#### Problem to work on
Restate the data word for word and leave the images out.

#### Exercise data
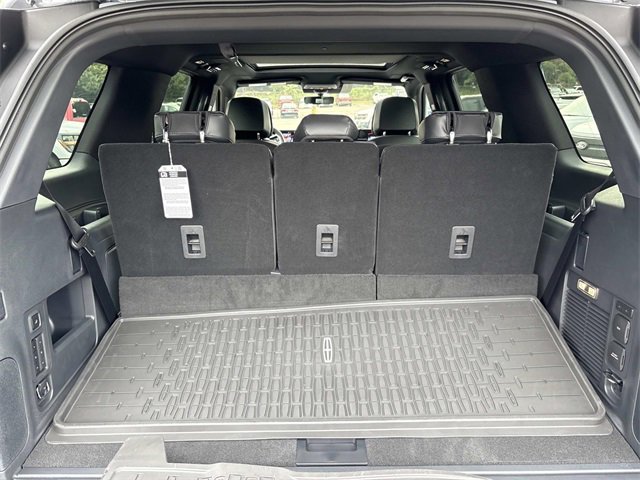 New 2025 Lincoln Navigator Reserve w/ Jet Appearance Package image 12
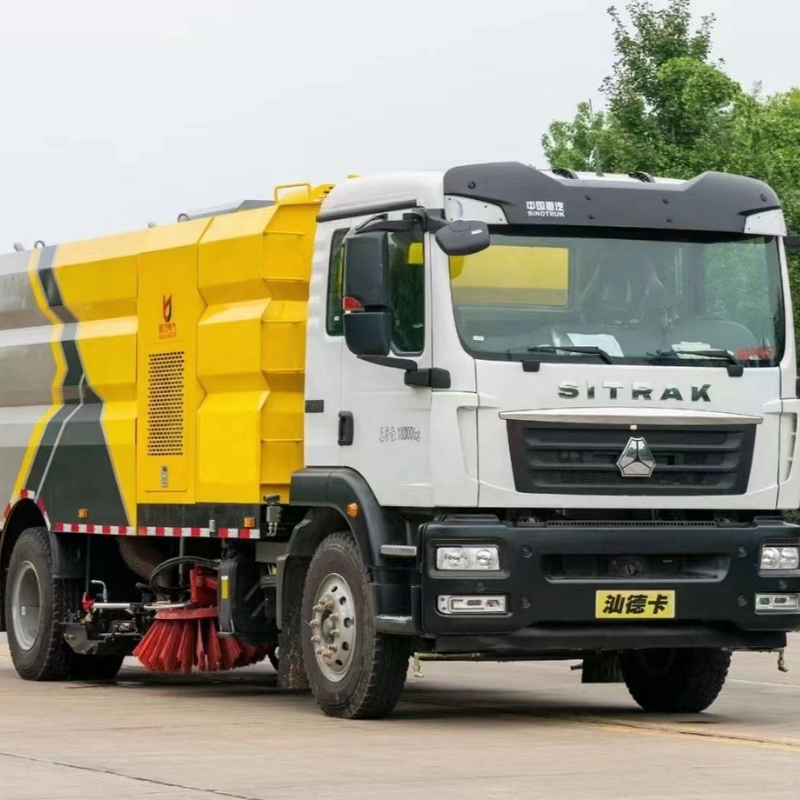 Camion-citerne 4*2 de balayeuse d'aspirateur de poussière de nettoyage de route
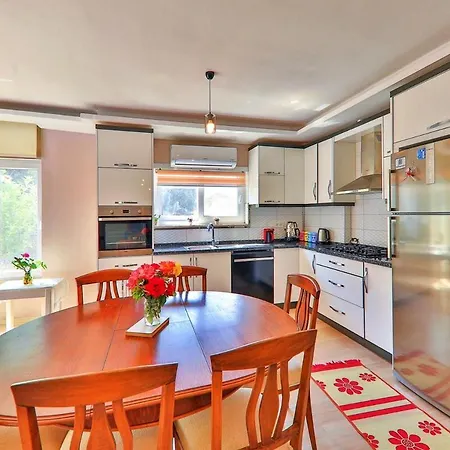Villa Lucy 1 *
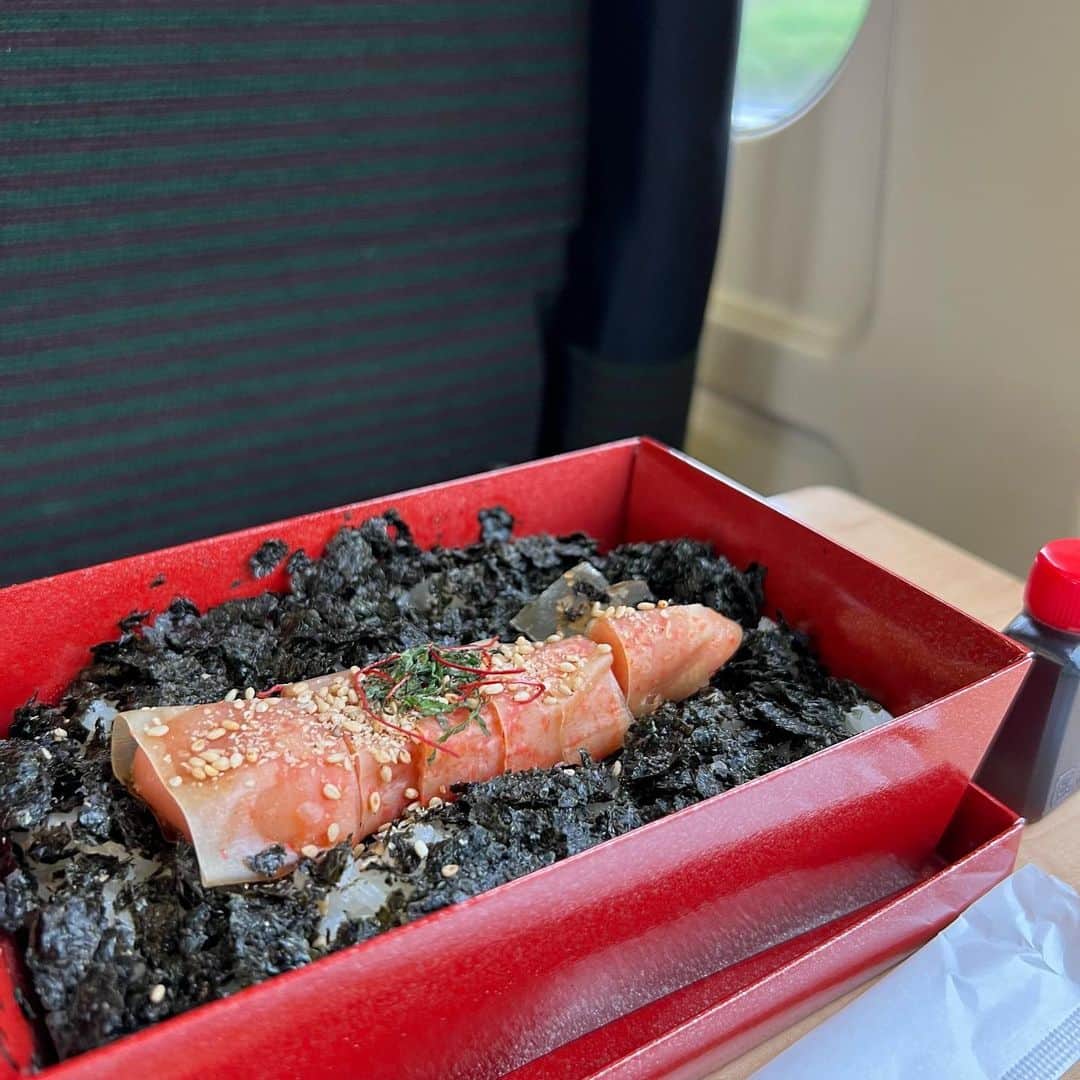 いけちゃんさんのインスタグラム写真 - (いけちゃんInstagram)「YouTube撮りながらの1人グルメ旅✈️ 九州3泊4日！  とっても楽しかったー！ 再来週は四国に💪✈️  #旅行#グルメ#パンとえすぷれっそと博多っと#元祖博多めんたい重#温泉#地獄巡り」4月7日 21時23分 - ikechan0920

#### Result
 New 2025 Lincoln Navigator Reserve w/ Jet Appearance Package image 12
 Camion-citerne 4*2 de balayeuse d'aspirateur de poussière de nettoyage de route
Villa Lucy 1 *
 いけちゃんさんのインスタグラム写真 - (いけちゃんInstagram)「YouTube撮りながらの1人グルメ旅✈️ 九州3泊4日！  とっても楽しかったー！ 再来週は四国に💪✈️  #旅行#グルメ#パンとえすぷれっそと博多っと#元祖博多めんたい重#温泉#地獄巡り」4月7日 21時23分 - ikechan0920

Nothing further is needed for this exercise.